=== Exercise ===
When a line of the entries contains "grocery", please list that line.

(Brief descriptive captions)
== == ==
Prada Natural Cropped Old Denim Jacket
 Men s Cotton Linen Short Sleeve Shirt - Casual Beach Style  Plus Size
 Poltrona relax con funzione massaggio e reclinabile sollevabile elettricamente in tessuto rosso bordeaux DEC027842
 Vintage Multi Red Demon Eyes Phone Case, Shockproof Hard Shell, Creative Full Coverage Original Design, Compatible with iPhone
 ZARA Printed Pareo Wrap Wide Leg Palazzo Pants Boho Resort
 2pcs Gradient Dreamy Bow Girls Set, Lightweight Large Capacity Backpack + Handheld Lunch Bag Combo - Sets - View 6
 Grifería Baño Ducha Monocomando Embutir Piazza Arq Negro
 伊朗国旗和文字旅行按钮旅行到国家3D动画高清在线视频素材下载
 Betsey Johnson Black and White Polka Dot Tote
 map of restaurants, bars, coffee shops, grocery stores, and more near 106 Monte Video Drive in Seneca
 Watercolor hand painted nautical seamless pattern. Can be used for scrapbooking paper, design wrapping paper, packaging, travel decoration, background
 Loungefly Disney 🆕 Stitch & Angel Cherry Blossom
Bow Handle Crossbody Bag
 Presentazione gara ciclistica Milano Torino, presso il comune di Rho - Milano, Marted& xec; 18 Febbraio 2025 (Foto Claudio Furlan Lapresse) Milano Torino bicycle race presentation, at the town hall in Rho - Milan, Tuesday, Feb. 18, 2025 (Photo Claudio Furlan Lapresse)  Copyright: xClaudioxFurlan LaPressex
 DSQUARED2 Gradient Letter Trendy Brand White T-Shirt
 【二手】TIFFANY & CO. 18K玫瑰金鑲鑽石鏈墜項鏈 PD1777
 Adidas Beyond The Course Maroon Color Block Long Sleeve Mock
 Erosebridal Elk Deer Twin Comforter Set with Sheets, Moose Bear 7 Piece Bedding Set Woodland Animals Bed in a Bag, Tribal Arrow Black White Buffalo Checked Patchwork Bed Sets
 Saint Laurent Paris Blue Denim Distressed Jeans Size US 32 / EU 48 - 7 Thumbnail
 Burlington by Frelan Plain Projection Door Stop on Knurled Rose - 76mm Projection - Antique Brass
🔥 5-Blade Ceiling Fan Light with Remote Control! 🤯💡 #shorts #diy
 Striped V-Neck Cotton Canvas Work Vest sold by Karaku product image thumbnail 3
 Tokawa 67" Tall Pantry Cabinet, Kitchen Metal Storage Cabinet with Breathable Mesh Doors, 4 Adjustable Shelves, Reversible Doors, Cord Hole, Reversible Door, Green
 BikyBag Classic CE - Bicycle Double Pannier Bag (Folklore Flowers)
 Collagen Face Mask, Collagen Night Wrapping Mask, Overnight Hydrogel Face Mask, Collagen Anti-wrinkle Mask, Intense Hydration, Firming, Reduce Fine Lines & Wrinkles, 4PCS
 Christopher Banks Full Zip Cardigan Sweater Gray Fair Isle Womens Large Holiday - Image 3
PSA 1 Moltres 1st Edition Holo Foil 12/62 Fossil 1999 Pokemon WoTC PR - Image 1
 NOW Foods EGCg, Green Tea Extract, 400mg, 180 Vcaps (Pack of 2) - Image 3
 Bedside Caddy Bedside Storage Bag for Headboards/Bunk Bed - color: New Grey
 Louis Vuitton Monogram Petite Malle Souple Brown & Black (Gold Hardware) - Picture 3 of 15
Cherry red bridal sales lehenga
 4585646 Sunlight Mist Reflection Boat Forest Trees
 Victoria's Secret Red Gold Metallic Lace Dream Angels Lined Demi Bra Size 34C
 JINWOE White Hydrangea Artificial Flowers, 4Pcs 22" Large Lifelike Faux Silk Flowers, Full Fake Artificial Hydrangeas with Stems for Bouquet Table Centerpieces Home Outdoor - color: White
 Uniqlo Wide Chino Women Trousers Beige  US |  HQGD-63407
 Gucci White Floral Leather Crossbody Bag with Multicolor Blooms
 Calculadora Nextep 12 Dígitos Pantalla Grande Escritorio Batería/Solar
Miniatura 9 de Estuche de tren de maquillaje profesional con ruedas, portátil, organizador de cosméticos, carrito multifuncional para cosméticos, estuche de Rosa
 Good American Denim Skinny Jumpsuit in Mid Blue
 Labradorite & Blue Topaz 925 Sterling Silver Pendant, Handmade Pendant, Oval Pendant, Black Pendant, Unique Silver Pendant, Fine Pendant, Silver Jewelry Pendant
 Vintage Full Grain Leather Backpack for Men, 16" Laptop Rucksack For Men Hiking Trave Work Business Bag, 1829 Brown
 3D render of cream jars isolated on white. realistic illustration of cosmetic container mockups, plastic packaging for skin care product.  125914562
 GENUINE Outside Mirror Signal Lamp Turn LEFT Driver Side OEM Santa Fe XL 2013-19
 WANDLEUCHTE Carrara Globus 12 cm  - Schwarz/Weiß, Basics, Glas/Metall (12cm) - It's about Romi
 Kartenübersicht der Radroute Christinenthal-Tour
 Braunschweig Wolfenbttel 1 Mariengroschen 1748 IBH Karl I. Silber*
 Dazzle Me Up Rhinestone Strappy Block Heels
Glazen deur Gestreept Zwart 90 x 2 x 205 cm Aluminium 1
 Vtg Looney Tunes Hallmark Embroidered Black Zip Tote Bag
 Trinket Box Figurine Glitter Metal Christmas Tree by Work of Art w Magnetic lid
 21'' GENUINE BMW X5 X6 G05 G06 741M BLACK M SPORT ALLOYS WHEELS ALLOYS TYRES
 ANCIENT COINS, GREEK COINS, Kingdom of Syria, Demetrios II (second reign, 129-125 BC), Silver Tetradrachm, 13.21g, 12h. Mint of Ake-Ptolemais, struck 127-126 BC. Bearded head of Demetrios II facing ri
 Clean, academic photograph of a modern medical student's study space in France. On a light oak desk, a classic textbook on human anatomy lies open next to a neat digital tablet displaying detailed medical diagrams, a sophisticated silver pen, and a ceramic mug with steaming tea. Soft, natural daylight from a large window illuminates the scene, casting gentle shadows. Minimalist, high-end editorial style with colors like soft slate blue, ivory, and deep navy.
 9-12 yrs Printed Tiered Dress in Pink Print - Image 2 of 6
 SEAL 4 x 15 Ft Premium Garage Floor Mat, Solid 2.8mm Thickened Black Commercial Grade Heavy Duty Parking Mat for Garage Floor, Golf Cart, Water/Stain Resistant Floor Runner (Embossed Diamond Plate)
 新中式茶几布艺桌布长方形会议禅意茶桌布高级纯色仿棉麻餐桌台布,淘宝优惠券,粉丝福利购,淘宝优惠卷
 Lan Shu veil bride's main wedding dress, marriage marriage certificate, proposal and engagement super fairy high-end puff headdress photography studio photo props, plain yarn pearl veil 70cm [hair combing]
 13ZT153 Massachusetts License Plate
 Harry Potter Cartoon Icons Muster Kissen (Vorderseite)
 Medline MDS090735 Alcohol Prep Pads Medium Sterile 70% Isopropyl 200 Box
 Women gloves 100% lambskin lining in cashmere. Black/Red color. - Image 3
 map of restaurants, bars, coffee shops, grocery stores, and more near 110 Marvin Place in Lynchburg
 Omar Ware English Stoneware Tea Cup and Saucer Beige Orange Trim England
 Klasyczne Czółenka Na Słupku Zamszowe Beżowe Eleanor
== == ==
=== Worked solution ===
 map of restaurants, bars, coffee shops, grocery stores, and more near 106 Monte Video Drive in Seneca
 map of restaurants, bars, coffee shops, grocery stores, and more near 110 Marvin Place in Lynchburg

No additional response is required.